**What this task involves**: For this listing, reproduce the line with "Estudiante universitaria usando", the line with "RICHMOND BLACK SATIN LACED-UP BALLERINAS", and the lines between, exactly as they stand. Leave out pictures and all other lines.

**Material for this exercise**:
———

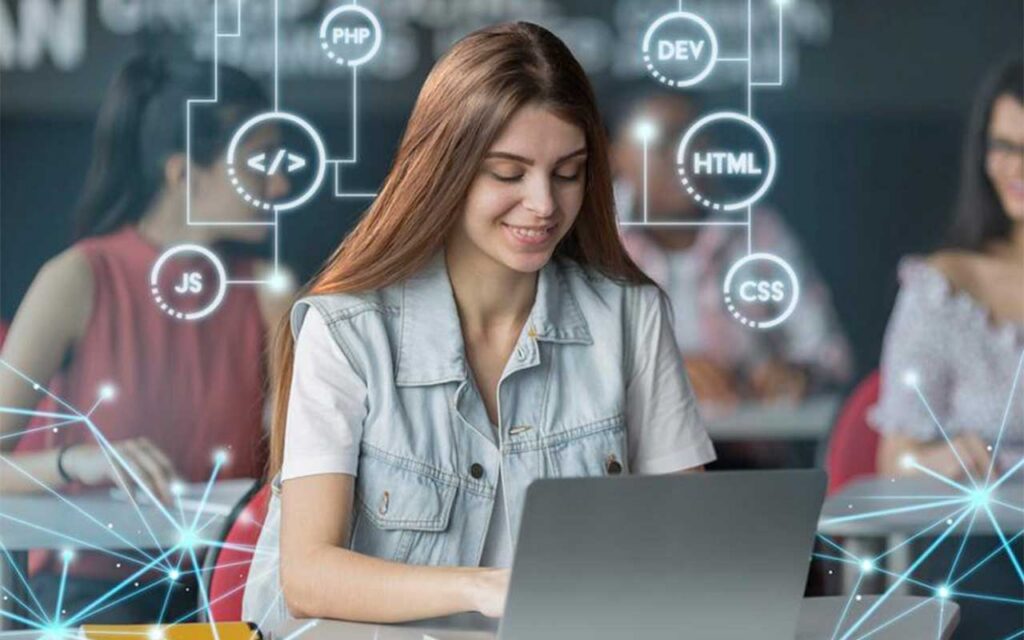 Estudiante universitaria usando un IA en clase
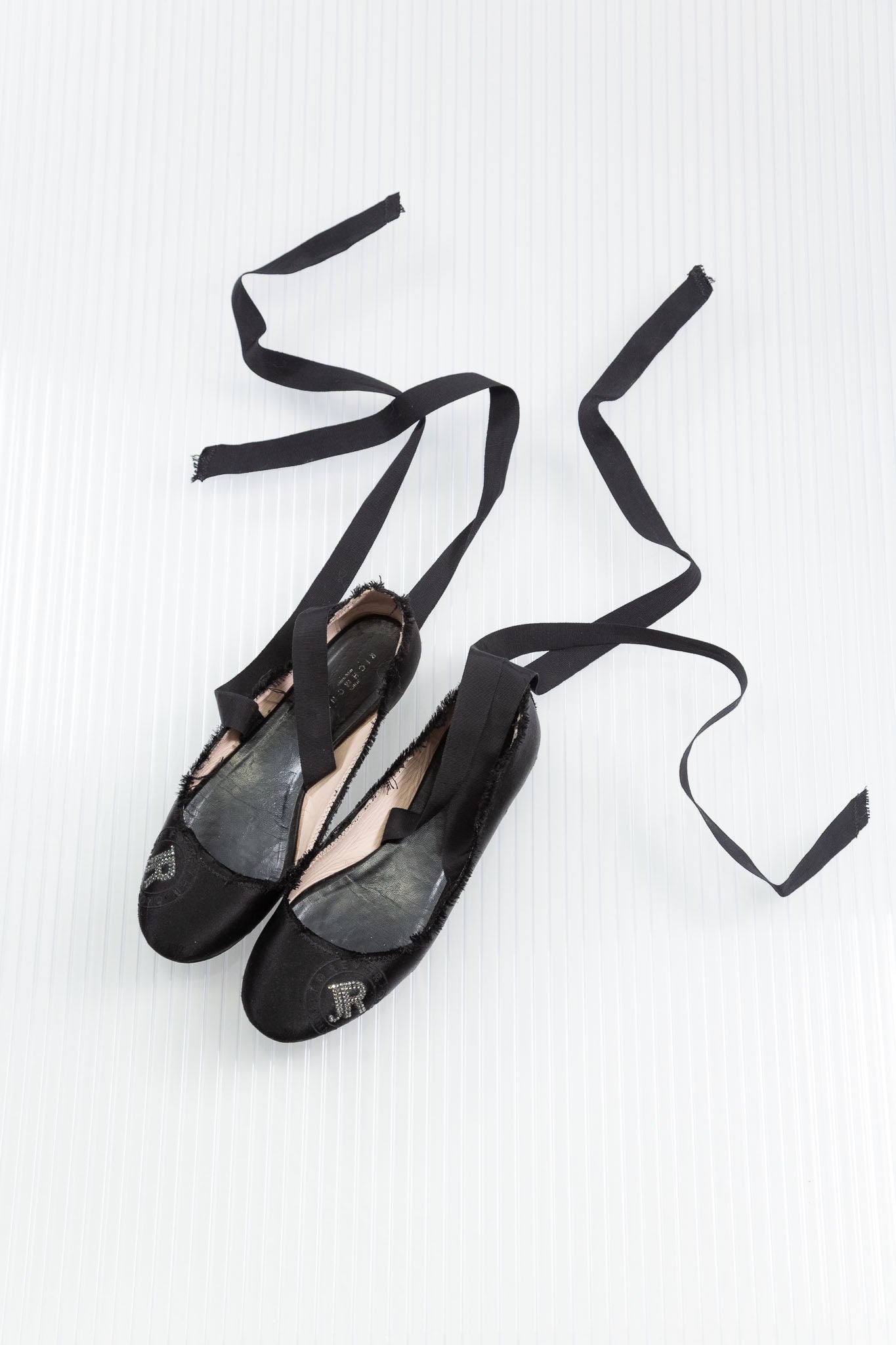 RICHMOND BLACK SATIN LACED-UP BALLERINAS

———

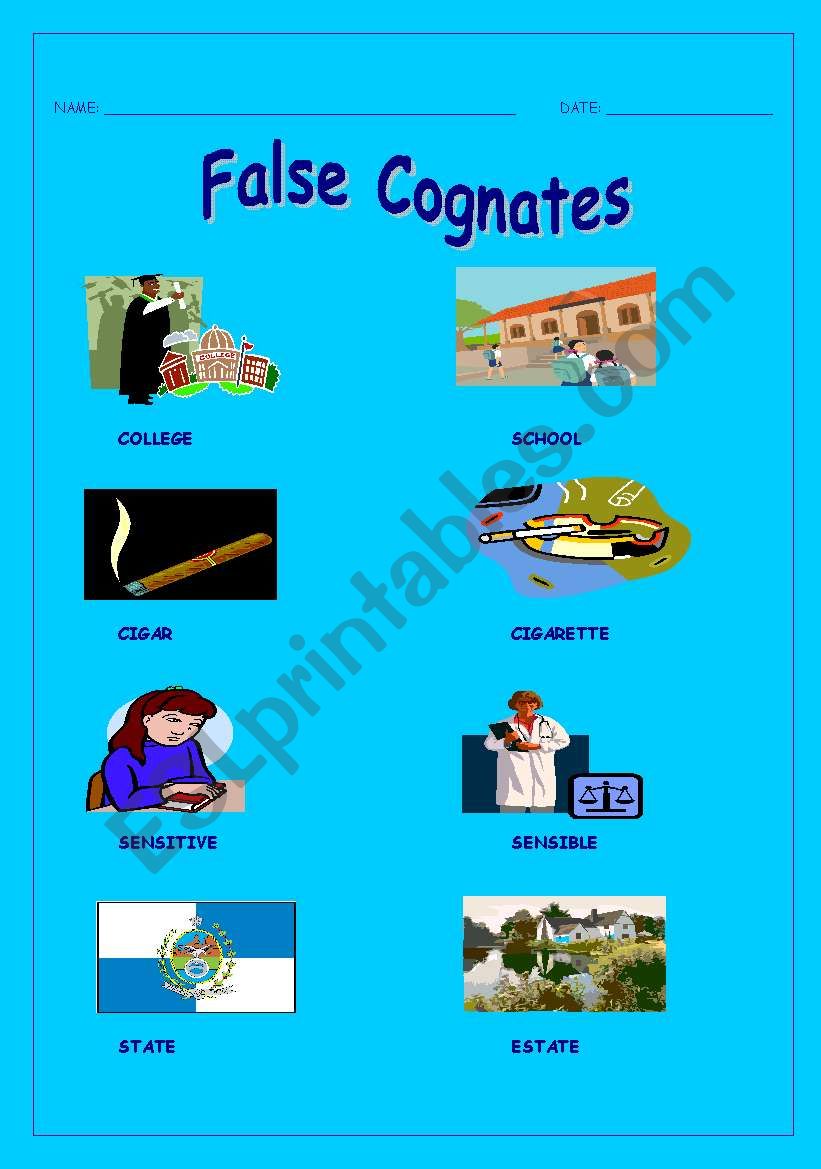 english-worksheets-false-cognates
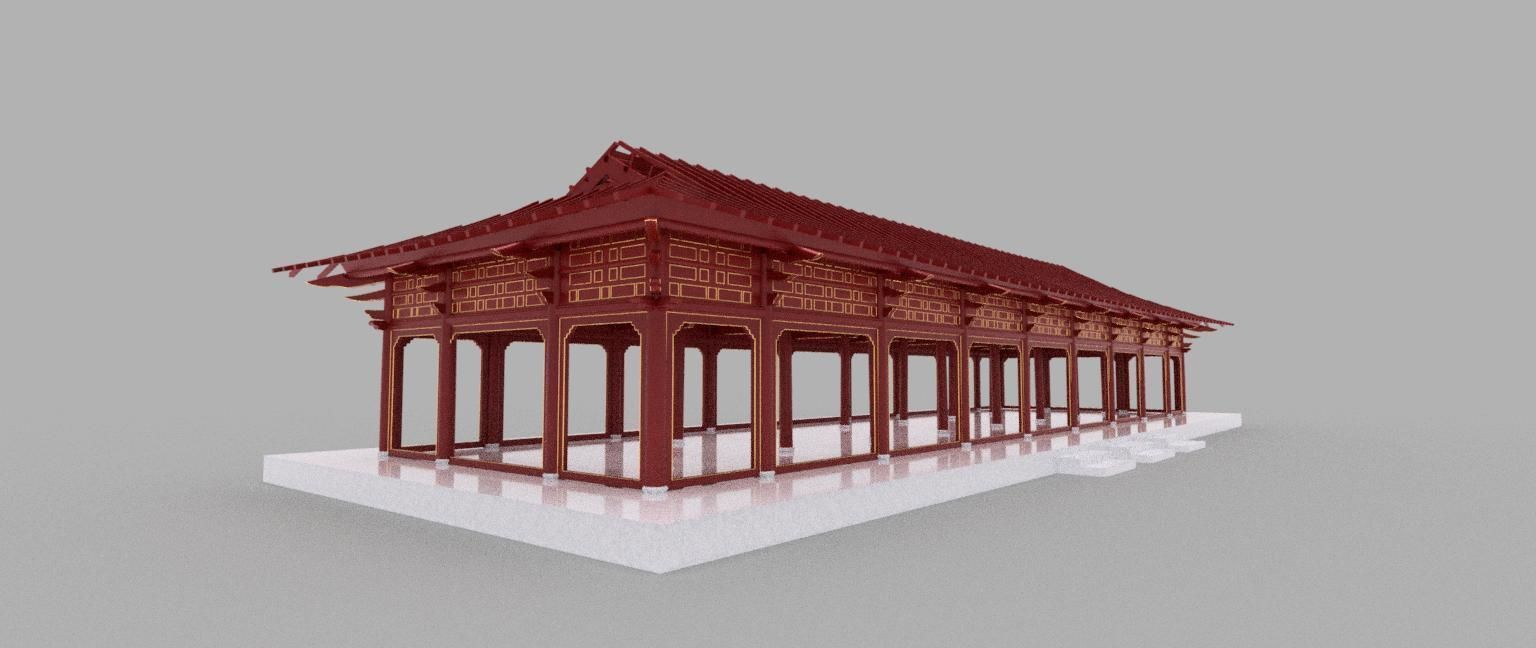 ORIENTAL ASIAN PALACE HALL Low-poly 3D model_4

———

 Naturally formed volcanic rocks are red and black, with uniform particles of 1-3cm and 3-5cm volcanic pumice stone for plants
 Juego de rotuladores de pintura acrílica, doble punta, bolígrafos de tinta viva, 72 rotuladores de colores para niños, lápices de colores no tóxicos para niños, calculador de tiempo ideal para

———

**Finished exercise**:
 Estudiante universitaria usando un IA en clase
 RICHMOND BLACK SATIN LACED-UP BALLERINAS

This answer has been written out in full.